This story contains a critique of Prince Maurice that is subtle but very noticeable. It is Atkyns, the praying captain, who saves the day by not eating venison, the result of hunting, but sharing in communion instead of in social success and ambition. By 1669, when he wrote the story down, Atkyns may have thought he knew why the Royalists lost the war.
But in fact the deer-fed men were winning in the far West. Ralph Hopton was now in command of a Royalist Cornish army which fought its way up and down Devon and Cornwall in the early months of 1643, then laid siege to Plymouth. It included Bevil Grenville, who wrote to his wife on 24 May 1643, making light of his injuries: ‘You are doubtful lest my bruise stick by me. I thank you, but I hope it is prettily over, though I am something sore, & did spit blood two days, & bled at nose much … Our army is at Okehampton and what further will become of us I know not, we are sure of your good prayers as you are of mine.’

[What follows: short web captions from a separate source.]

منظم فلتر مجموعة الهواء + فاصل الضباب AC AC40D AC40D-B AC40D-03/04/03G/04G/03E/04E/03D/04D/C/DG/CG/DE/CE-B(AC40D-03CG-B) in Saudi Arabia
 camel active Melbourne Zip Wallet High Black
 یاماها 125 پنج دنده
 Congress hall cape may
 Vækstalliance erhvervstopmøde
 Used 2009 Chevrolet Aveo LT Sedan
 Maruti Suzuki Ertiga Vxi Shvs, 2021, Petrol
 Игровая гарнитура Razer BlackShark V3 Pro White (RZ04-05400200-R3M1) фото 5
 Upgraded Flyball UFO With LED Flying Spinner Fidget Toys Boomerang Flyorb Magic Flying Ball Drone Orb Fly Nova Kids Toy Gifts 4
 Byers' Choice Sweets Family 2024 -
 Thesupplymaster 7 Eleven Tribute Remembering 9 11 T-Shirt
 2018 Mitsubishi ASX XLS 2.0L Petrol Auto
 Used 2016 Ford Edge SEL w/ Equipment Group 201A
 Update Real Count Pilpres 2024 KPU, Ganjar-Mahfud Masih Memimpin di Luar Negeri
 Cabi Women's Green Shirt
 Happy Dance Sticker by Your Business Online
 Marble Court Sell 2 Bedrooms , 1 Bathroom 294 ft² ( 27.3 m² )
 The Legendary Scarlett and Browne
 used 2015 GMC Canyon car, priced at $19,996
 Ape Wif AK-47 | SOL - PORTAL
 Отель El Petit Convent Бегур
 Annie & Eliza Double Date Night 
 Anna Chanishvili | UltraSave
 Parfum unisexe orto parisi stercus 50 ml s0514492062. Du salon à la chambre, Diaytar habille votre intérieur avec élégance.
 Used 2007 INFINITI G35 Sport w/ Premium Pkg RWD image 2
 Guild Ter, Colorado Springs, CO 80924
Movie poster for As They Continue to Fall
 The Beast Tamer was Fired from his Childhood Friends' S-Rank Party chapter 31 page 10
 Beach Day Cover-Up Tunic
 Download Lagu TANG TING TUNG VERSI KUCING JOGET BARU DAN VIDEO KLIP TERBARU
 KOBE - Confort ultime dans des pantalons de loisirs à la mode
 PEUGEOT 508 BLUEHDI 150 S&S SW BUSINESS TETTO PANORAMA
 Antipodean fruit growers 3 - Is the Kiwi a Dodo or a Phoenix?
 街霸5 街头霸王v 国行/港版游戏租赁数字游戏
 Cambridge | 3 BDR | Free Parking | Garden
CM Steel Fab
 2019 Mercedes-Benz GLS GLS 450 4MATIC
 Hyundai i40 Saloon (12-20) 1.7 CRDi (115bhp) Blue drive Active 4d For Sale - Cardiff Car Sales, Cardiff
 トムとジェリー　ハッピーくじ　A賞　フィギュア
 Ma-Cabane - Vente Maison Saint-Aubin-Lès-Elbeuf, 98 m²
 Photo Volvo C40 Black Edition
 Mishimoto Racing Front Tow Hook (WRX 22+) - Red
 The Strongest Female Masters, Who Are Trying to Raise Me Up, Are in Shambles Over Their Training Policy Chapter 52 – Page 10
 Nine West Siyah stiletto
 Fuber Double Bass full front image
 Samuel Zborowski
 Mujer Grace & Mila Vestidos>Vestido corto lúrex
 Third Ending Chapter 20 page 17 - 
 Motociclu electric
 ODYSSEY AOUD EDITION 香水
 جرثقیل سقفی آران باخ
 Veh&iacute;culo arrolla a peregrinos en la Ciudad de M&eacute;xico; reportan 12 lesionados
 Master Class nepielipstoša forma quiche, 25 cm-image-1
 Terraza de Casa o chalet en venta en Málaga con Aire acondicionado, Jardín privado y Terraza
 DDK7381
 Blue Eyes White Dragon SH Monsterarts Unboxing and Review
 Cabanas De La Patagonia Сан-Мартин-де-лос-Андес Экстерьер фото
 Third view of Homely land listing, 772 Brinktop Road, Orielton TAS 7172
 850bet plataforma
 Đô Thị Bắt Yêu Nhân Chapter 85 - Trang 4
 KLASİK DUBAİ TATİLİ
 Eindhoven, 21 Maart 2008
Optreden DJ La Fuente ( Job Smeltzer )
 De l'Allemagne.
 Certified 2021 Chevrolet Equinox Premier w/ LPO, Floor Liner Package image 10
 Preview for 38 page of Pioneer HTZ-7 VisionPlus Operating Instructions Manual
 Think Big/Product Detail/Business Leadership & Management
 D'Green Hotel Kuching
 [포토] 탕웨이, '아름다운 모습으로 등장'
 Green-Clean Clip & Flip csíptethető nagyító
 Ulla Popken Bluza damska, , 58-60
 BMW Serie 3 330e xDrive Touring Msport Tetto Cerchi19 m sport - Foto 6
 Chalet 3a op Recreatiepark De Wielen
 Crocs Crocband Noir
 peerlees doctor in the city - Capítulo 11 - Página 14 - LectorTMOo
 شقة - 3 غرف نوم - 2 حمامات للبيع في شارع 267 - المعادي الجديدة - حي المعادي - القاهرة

At the time Bevil Grenville wrote this letter, it would have been difficult for him or anyone else to summarize the situation in the West accurately; his uncertainty is entirely understandable. The Royalists had just been checked at Sourton Down, having been ambushed by the Parliament-men, but Hopton had then triumphed at Stratton, and the army was waiting for Prince Maurice and reinforcements from Oxford to arrive and assist. The ultimate goal was to leave the West secure so that Hopton’s new army was free to join the king’s forces further to the east, those trying to control Gloucester and the Severn Valley.
Bevil Grenville had always exemplified Royalist values:
physical courage, honour, and leadership without calculation. They were expensive virtues. At Braddock Down in Cornwall, just outside Lostwithiel, on 19 January 1643, he led his men in a charge so wild that it ‘struck a terror’ in the enemy. At Stratton, near Bude, in May 1643, he led his men in an uphill charge with only swords and pikes. They were victorious, but the same reckless courage was to cost him his life at Lansdown on 5 July 1643. This engagement, fought a few miles north of Bath, was inconclusive. Atkyns gave an account of the whole battle:
After we had refreshed ourselves about a week in quarters, we began to seek out the enemy, who were not far off; for four or five days, we skirmished by parties every day, and kept our body close together expecting battle daily. Each army consisting of about six thousand horse and foot, but theirs thought to be most; our headquarters were Marshfield, theirs Bath, within five miles of each other: very early in the morning, we sent out a party of horse, about 300, commanded by a Major, who did it so ill, that encouraged the enemy’s forlorn hope to advance so far, as to give a strong alarm to our whole army, and we were forced to draw out in haste: the ground we stood in was like a straight horn … on both sides enclosed with a hedge, and woods without that. They stood upon a high hill which commanded us, that opened to a large down, from whence they could discover our motions, but we could not theirs; both bodies within two miles of each other. For four or five hours, we sent parties out of each body to skirmish, where I think we had the better, but about three of the clock they (seeing their advantage) sent down a strong party of horse … And this was the boldest thing I ever saw the enemy do, for a party of less than 1000 to charge an army of 6000 horse, foot and cannon, in their own ground, at least a mile and a half from their body.